참조영역(10)과 특정영역(30)은 시작위치와 끝위치로 표현될 수 있으며 구간길이를 가지고 있다.The reference region 10 and the specific region 30 can be expressed as a start position and an end position, and have a section length.

일 예로, 도 2에서 제1 참조영역(10a)은 염색체 염기서열 A, T, G로 이루어지고 시작위치는 1이며 끝위치는 3이다. 즉 제1 참조영역(10a)의 위치는 (1, 3)이고, 구간길이는 3이다. 제2 참조영역(10b)은 염색체 염기서열 G, T, T, C, G로 이루어지고 시작위치는 4이며 끝위치는 8이므로, 제2 참조영역(10b)의 위치는 (4, 8)이고 구간길이는 5이다. 제3 참조영역(10c)은 염색체 염기서열 A, G, A, C로 이루어지고 시작위치는 9이고 끝위치는 12이므로, 제3 참조영역(10c)의 위치는 (9, 12)이고 구간길이는 4이다.For example, in FIG. 2 , the first reference region 10a is composed of chromosomal nucleotide sequences A, T, and G, and has a starting position of 1 and an ending position of 3. That is, the position of the first reference region 10a is (1, 3), and the section length is 3. Since the second reference region 10b is composed of the chromosomal sequences G, T, T, C, and G, and the start position is 4 and the end position is 8, the position of the second reference region 10b is (4, 8) and The length of the section is 5. Since the third reference region 10c is composed of chromosomal sequences A, G, A, and C, and the start position is 9 and the end position is 12, the position of the third reference region 10c is (9, 12) and the section length is is 4

길이 보정부(100)는 다양한 구간길이(M)를 가지는 참조영역(10)을 기 설정된 조정길이(L)를 가지는 비교대상영역(15)의 조합으로 보정할 수 있다.The length correction unit 100 may correct the reference region 10 having various section lengths M by a combination of the comparison target region 15 having a preset adjustment length L.

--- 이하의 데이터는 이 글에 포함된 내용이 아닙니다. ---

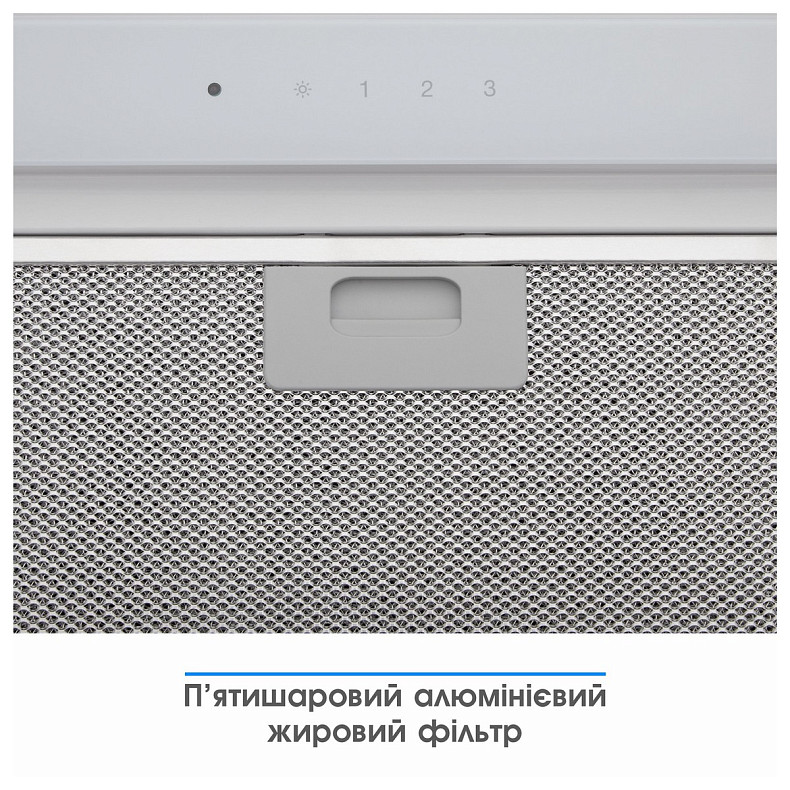 Витяжка Eleyus Gemini 800 LED 52 WH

여기서 각각의 비교대상영역(15)는 각각의 시작위치와 끝위치를 가지고 있으나, 구간길이(L)는 모두 동일하다. 이때 구간길이(L)는 임의적 선택될 수 있다.Here, each comparison target area 15 has a respective start position and an end position, but the section length L is all the same. In this case, the section length L may be arbitrarily selected.

길이 보정부(100)는 구간길이가 다른 각각의 참조영역(10)을 하기 식 1을 만족하는 n개의 비교대상영역으로 보정할 수 있다.The length correction unit 100 may correct each reference region 10 having a different section length into n comparison target regions satisfying Equation 1 below.

[식 1][Equation 1]

여기서 S는 참조영역의 시작위치, E는 참조영역의 끝위치, L는 조정길이, n는 상수이다.
이때, 참조영역을 보정하기 위해 사용되는 비교대상영역의 좌표는 (S+(k-1)*L, S+k*L-1)이고, k는 1≤k≤n 를 만족하는 정수이다. 여기서 참조영역을 보정하기 위해 사용되는 비교대상영역의 개수는 n개이므로, 참조영역은 (S, S+L-1), ¨˙ ,(S+(k-1)*L, S+n*L-1) 각각의 비교대상영역의 조합으로 이루어질 수 있다.Here, S is the start position of the reference region, E is the end position of the reference region, L is the adjustment length, and n is a constant.
In this case, the coordinates of the comparison area used to correct the reference area are (S+(k-1)*L, S+k*L-1), and k is an integer satisfying 1≤k≤n. Here, since the number of comparison areas used to correct the reference area is n, the reference area is (S, S+L-1), ¨˙ , (S+(k-1)*L, S+n*L -1) It can consist of a combination of each comparison target area.

삭제delete

예를 들어 제2 참조영역(10b)의 위치는 (4, 8)이고 구간길이는 5이다. 조정길이(L)를 3으로 설정한 경우에, 4

를 만족하는 n=2이다.For example, the position of the second reference region 10b is (4, 8) and the length of the section is 5. When the adjustment length (L) is set to 3, 4

n = 2 satisfying .

제2 참조영역(10b)은 2개의 비교대상영역으로 이루어지고, 이때 각각의 비교대상영역의 위치는 (4, 6)과 (7, 9)이다.The second reference region 10b includes two comparison target regions, and the positions of each comparison target region are (4, 6) and (7, 9).

길이 보정부(200)는 참조영역과 보정된 비교대상영역을 서로 매칭하여 각각의 시작위치와 끝위치 정보를 데이터베이스(900)에 저장할 수 있다.The length correction unit 200 may match the reference region and the corrected comparison target region with each other and store respective start position and end position information in the database 900 .

영역 정렬부(300)는 비교대상영역(15)의 시작위치를 기준으로 각각의 비교대상영역을 오름차순으로 정렬할 수 있다.The region aligning unit 300 may sort each comparison target region in an ascending order based on the start position of the comparison target region 15 .

도 4를 참조하면, 비교대상영역(15)도 각각의 시작위치를 기준으로 오름차순으로 정렬될 수 있으며 아라비아 숫자 순으로 표시될 수 있으며, 이때 참조영역과 보정된 비교대상영역을 매칭하기 위해서 비교대상영역(15)의 아라비아 숫자 앞에는 매칭된 참조영역의 알파벳을 붙여서 표시될 수 있다.Referring to FIG. 4 , the comparison target area 15 may also be arranged in ascending order based on each start position and may be displayed in Arabic numeral order, and in this case, in order to match the reference area and the corrected comparison target area In front of the Arabic numerals in the area 15 , the alphabet of the matched reference area may be attached and displayed.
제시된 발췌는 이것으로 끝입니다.